From sprawling grounds to small neighbourhoods, a large number of young and old residents gathered in open spaces for nine consecutive days to celebrate Navratra with traditional ‘Garba’ as they paid obeisance to the Goddess Durga.
On the ninth night of festivities on Tuesday, the excitement reached a crescendo as girls and young women, dressed in traditional fineries — lehenga, chaniya choli — performed an ode to the feminine ‘Shakti’ till nearly midnight on the streets and parks of the ‘holy city’.
Boys and men in designer kurta pyjamas or traditional ‘dandiya’ costume also joined them at many open spaces that have been decked up with colourful lighting, turning the spots into virtual islands of celebrations that will culminate on Wednesday with Dusshera.

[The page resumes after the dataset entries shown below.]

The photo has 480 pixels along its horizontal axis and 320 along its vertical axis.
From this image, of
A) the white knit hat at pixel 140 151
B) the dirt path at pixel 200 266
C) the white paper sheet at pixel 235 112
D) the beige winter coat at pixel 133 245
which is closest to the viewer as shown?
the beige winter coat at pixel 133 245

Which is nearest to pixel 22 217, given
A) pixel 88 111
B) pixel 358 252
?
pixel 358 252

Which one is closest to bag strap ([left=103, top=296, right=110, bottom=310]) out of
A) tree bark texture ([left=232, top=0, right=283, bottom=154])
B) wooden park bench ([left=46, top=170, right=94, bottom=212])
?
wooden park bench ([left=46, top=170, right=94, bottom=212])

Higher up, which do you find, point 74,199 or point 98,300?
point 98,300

Physically they may have been exhausted after nine days of intense celebrations, but the spirit is running high and Dusshera celebrations this year is expected to be held with a greater fanfare as it takes place a few days ahead of the inauguration of the first phase of the Mahakal corridor redevelopment project by Prime Minister Narendra Modi on October 11.

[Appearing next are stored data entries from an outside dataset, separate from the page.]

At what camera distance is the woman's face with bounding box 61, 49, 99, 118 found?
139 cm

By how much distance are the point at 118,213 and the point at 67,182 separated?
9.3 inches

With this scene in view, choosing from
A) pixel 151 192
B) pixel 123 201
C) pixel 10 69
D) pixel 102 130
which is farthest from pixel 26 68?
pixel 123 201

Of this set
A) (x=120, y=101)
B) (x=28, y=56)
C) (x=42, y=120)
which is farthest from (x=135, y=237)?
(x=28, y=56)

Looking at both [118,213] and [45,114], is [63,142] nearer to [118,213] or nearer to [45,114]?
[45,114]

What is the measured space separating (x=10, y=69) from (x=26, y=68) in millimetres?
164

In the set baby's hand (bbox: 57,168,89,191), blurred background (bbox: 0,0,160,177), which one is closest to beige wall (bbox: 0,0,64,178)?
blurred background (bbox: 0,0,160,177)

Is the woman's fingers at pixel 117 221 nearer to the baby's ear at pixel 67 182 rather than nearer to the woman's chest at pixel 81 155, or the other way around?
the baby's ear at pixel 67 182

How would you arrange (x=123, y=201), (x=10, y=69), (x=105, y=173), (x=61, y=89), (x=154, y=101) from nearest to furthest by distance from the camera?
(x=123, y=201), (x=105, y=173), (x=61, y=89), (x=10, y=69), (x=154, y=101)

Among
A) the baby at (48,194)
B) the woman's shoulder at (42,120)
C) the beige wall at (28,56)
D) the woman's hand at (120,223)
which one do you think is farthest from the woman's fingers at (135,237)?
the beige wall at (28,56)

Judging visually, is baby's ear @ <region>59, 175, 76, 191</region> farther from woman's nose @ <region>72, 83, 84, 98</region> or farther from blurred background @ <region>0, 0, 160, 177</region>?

The city is all agog about the new corridor that will facilitate devotees to reach the ancient Mahakaleshwar Temple, one of the 12 ‘jyotirlingas’ (a representation of Lord Shiva) in the country. On Tuesday night, women performed ‘Garba’ at a street intersection near Hari Phatak Overbridge that overlooks the new corridor.
As the night grew on the final and the most holy day of the Navratra (‘nine nights’) festival, the women danced in concentric circles in front of a pandal housing idols of Goddess Durga and other deities, bowing to the divine power of femininity — ‘Shakti’ — that the deity represents. ”We enjoyed Navratra celebrations till Tuesday and for nine days ‘Garba’ happened at public places, from chowk-chaurahas to huge grounds and even on a small scale in residential colonies. This Navratra was special as our city of Mahakal is going to get a new temple corridor soon. At many places, celebrations went on till midnight,” said Dipu Sharma, a resident of Jaisinghpura area near the corridor project site.
Till about 10.30 pm on Tuesday, people dressed in traditional costumes were seen streaming into various packed venues as the increased traffic clogged the streets.
In Nanakpura area, a massive crowd had gathered at Rajmata Vijayaraje Scindia Stadium.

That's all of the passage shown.